Wednesday Western: 'The Ox-Bow Incident' (1943)

Henry Fonda has lynching on his mind in this eerie tale of mob violence.

The murder of a sacrificial victim has always been justified as a healing, purifying, strengthening, fortune-producing, or empowering act.

"The Ox-Bow Incident" is a movie about this mercy and violence. In the scene where the vigilantes gather under a hanging tree, they have a festive meal. Nooses dangle at the ready, but there’s no urgency, only shadow.

Fueled up, the members of the posse tear off toward their victim. When the town judge hears about the posse, he gasps, 'That’s no posse; that’s a lawless lynching mob.'

Then the lynch mob demands a sacrifice. Without even noticing, they get sucked into ritual, the presence of the sacred.

Someone guides some horses beneath the dangling ropes. Right before the victims mount the saddles, the vigilantes announce two minutes of prayer. They remove their hats and bow their heads.

The cinematography in these moments is frightening and beautiful. Otherworldly. Luminous. Gruesome. Deadly.

"The Ox-Bow Incident" does not look, sound, or feel like a Western from the early 1940s.

There’s a lot of silence, interrupted occasionally by a horn blast on the soundtrack. Other times, in heightened anxiety, the ugliest noises take over.

There are lots of long shots where the camera barely moves. Lots of shadow. Lots of one-sided lighting. If you paused at the right moment and put a fancy frame around the TV, you’d have highbrow art on your wall.

"The Ox-Bow Incident" could easily be a mid-1990s neo-noir Western. The only thing that kept it from winning Best Picture was a movie called "Casablanca."
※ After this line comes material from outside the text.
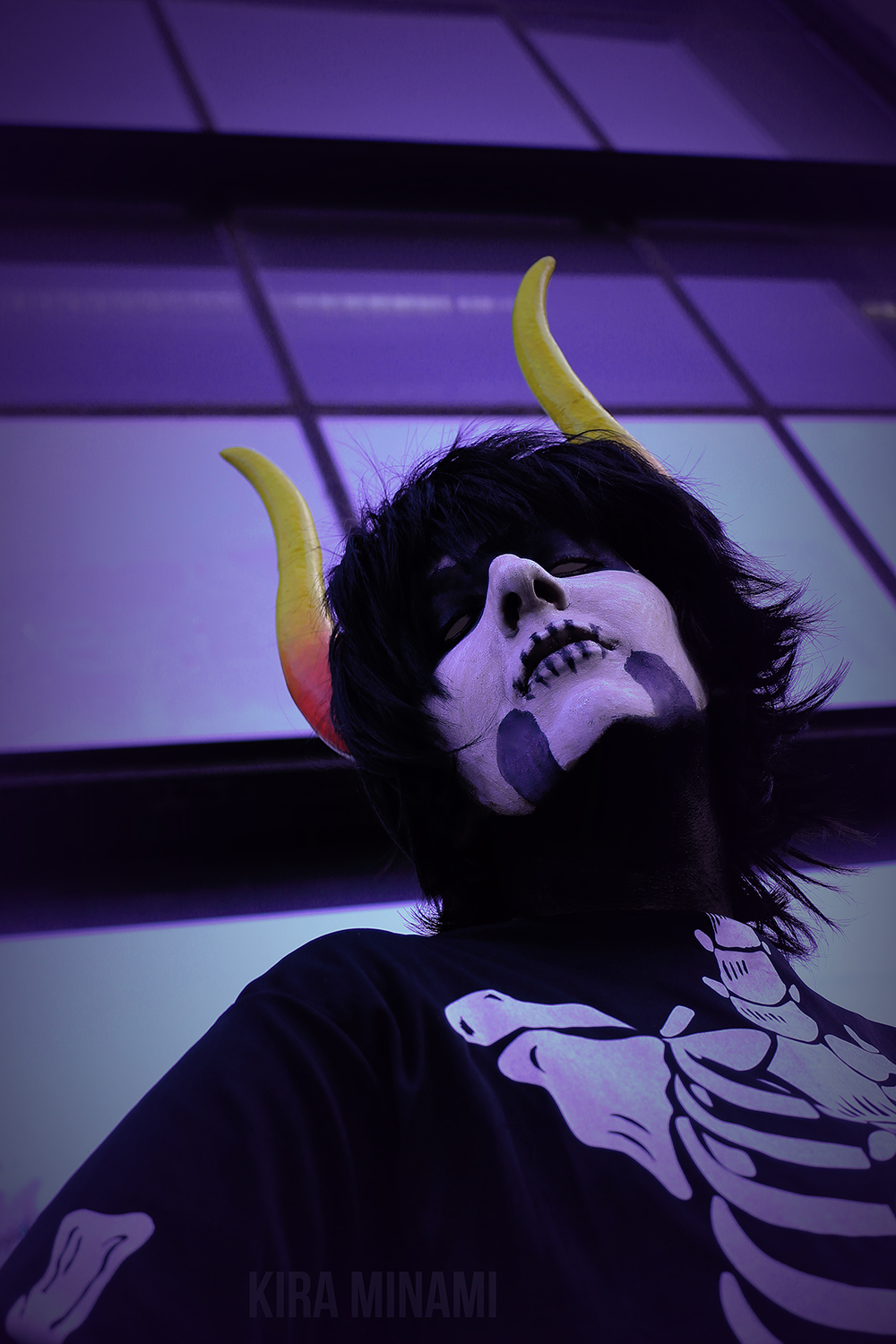 Silent pride - Homestuck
There’s an attention to symbols — literal attention. The movie directs your focus until you can’t look away.

Something fishy

Dialogue is natural yet poetic and constantly evolving. There are strange moments of comedy, like the man who goes by Major Tetley and wears a full Civil War uniform. Further humor arises when Gil Carter (Henry Fonda) and his buddy Art Croft comment on it.

Gil Carter: “That renegade Tetley, strutting around in his uniform, pretending he's so much. He never even saw the South till after the war. Then only long enough to marry that kid's mother and get run out by her folks.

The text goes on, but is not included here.